— Information provided —
--- --- ---
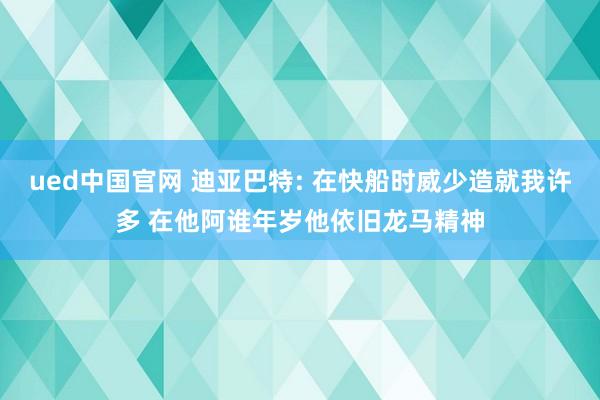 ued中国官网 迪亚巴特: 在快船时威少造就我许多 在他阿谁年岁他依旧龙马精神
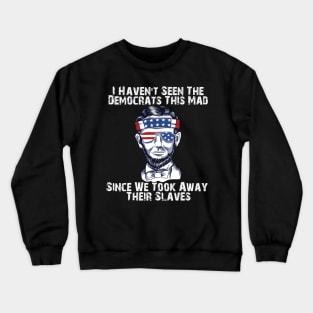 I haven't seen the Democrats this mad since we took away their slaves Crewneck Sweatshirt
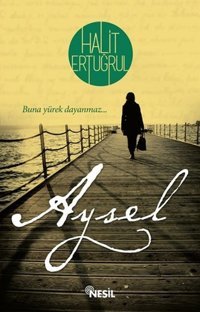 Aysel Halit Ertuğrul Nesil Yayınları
--- --- ---
— Goal of the exercise —
Pictures stay out. Copy exactly, and only, the lines from the one containing "I haven't seen" through the end of the data.

— Worked solution —
 I haven't seen the Democrats this mad since we took away their slaves Crewneck Sweatshirt
 Aysel Halit Ertuğrul Nesil Yayınları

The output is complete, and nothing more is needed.